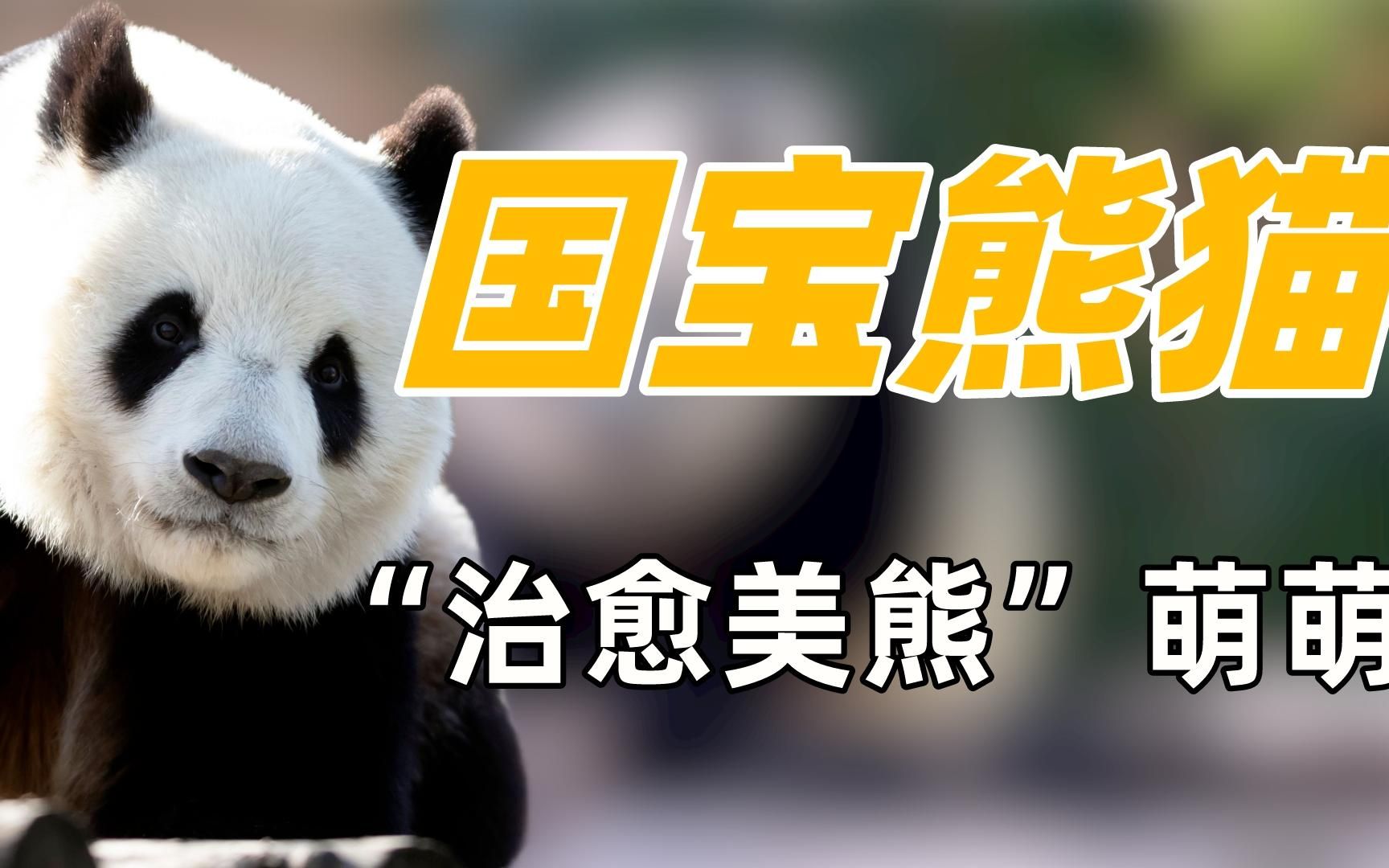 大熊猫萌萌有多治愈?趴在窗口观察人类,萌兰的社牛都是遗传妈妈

==

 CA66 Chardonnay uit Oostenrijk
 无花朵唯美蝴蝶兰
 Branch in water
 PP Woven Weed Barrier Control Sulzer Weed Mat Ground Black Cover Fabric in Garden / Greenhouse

* * *

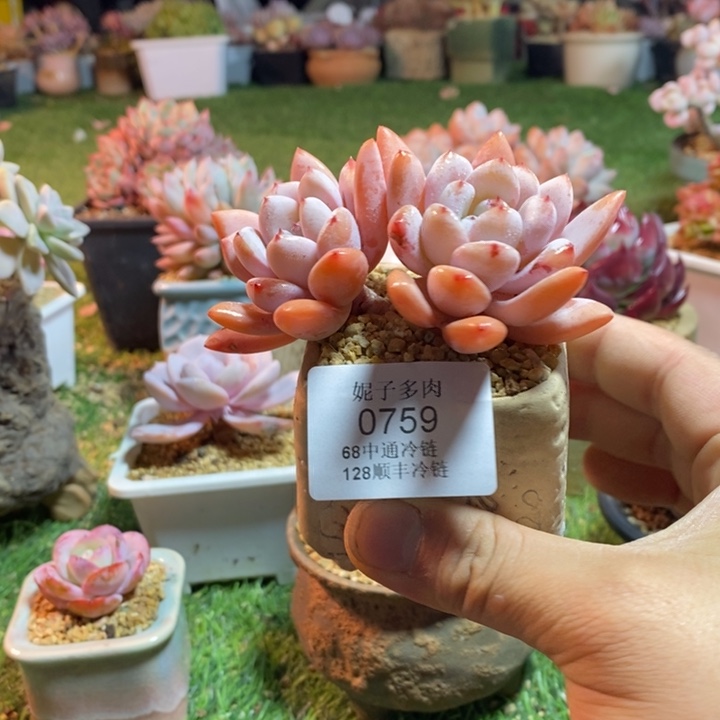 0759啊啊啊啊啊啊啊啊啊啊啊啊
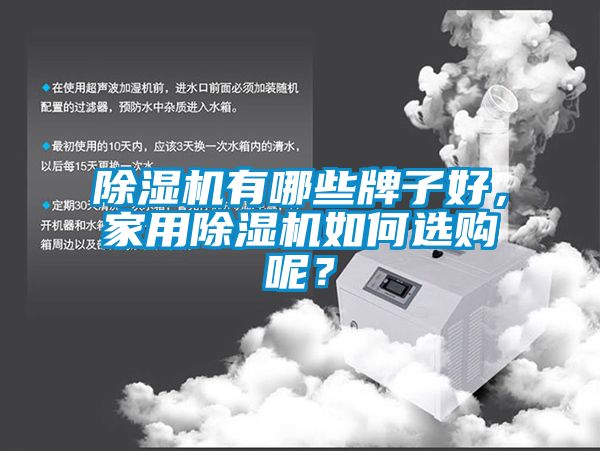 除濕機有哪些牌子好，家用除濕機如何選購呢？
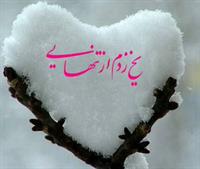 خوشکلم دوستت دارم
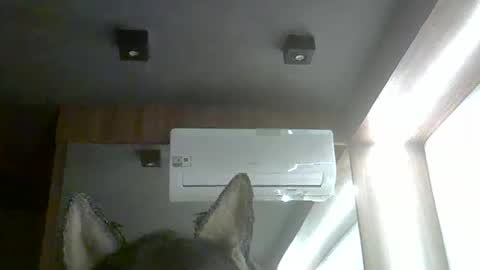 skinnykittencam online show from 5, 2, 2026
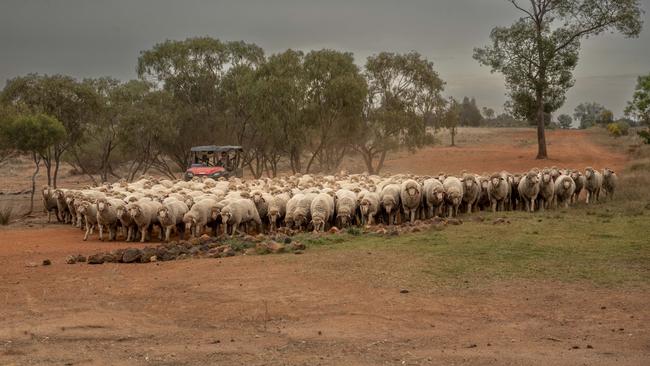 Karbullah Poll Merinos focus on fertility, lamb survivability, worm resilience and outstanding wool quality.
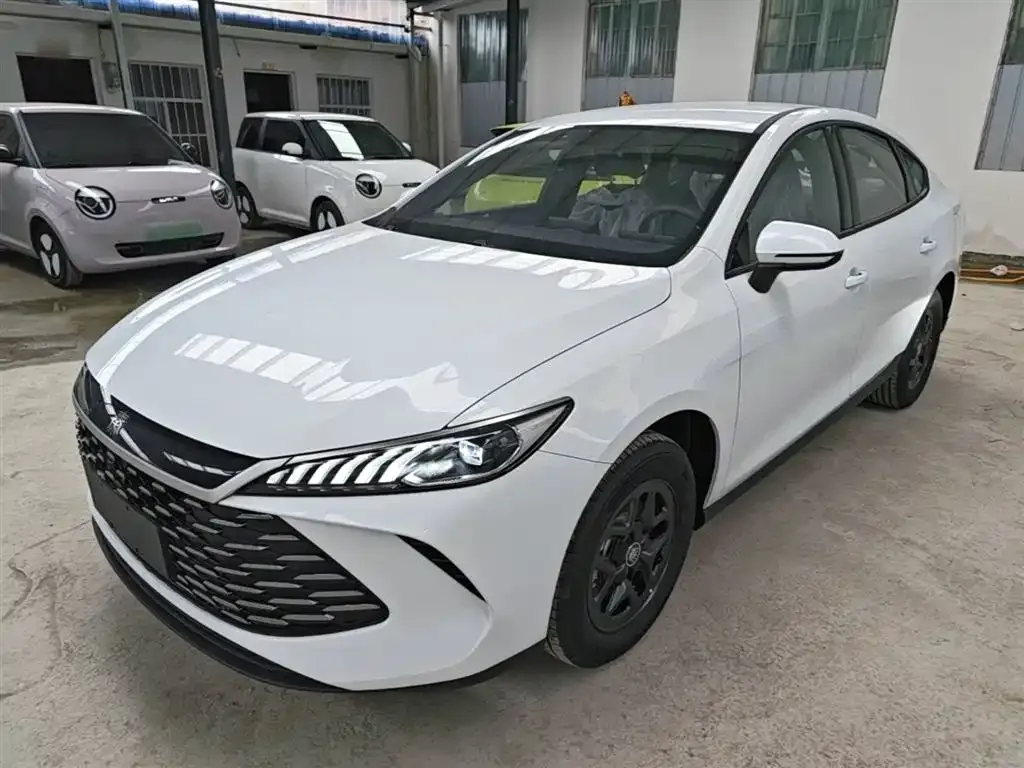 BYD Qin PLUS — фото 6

### Task to carry out
When copying from the data above, begin at the line containing "Karbullah Poll Merinos" and end at the line containing "BYD Qin PLUS — фото 6"; return those lines exactly and leave all pictures behind.

### Answer space
 Karbullah Poll Merinos focus on fertility, lamb survivability, worm resilience and outstanding wool quality.
 BYD Qin PLUS — фото 6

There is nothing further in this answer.